As the days tick by I can’t help but feel loss and longing. Earlier this month I passed the break-even point. That is, I’ve been more days in recovery and at home than I did on the road for the first leg of my WorldRider trip. It’s a push-me pull-me see-saw when it comes to discussing my inevitable return to the road. Family, friends and loved ones don’t want me to go back. And those who still fall into the former group that urge me to continue and promise me that they understand – understand me. I must return.
So the preparations are in process. The spare parts collection on the floor is growing. Sprockets. Chain. Spark plugs. Filters. And odd things like a headlamp snap-pin module. My bike still sits in Bolivia. It hasn’t been started for more than 7 months. I’ll need to pick up a new battery in Sucre – where Jorge the kind Bolivian gentlemen who has graciously stored and watched over Doc will meet me and help me get my bike ready for WorldRider – The Second Leg. Even better, Jorge will join me as I ride to the Salar and onward to Chile and San Pedro de Atacama. And while I never met him, I feel close to him as a friend. My homecoming is long overdue.
The offers to help continue to roll in. I’m forever thankful and humbled by the support of my friends, family and the motorcycling community. I wonder if I’m deserving of this generosity — especially from those whom I’ve never met. All of you, thank you.
Am I ready? No one is every ready for a journey like this. As for my health, it’s been better.

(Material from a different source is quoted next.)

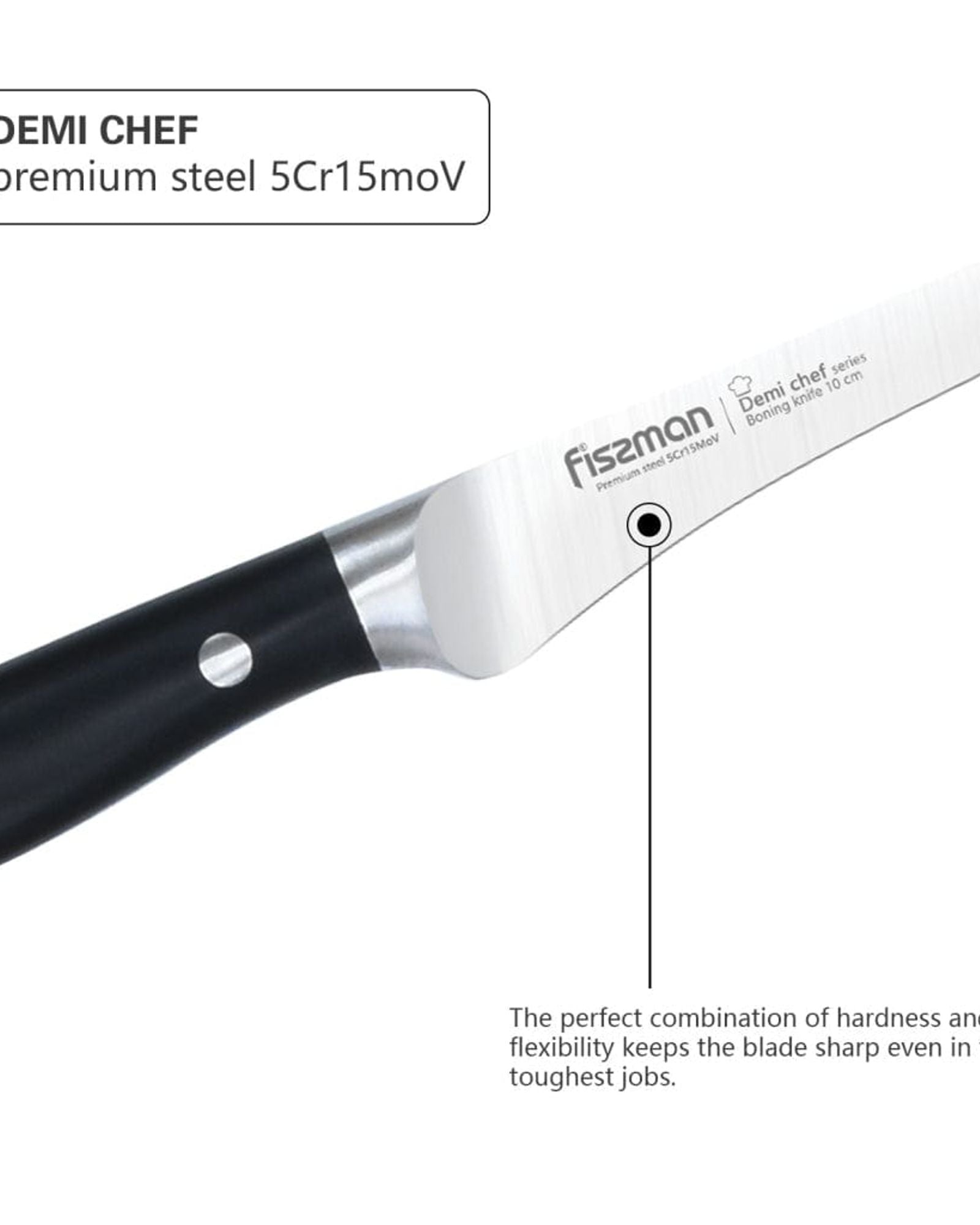 Fissman Demi Chef Non Stick Boning Knife Black/Silver 4inch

It’s been worse. Truly, I’m a bit apprehensive.
Just a couple months ago my friend of more than 20 years Jim took off on a journey that he and his buddy Bill. had planned for a good part of a year. Not on adventure motorcycles, but on Harley’s they set out on a three-week journey to discover and explore the great west of these United States. Their plan was simple. Trailer their bikes from Southern California until they were deep into Scenic Utah where they’d unload the bikes and begin a giant loop of the west. They’d trailer the bikes back at the end of the journey.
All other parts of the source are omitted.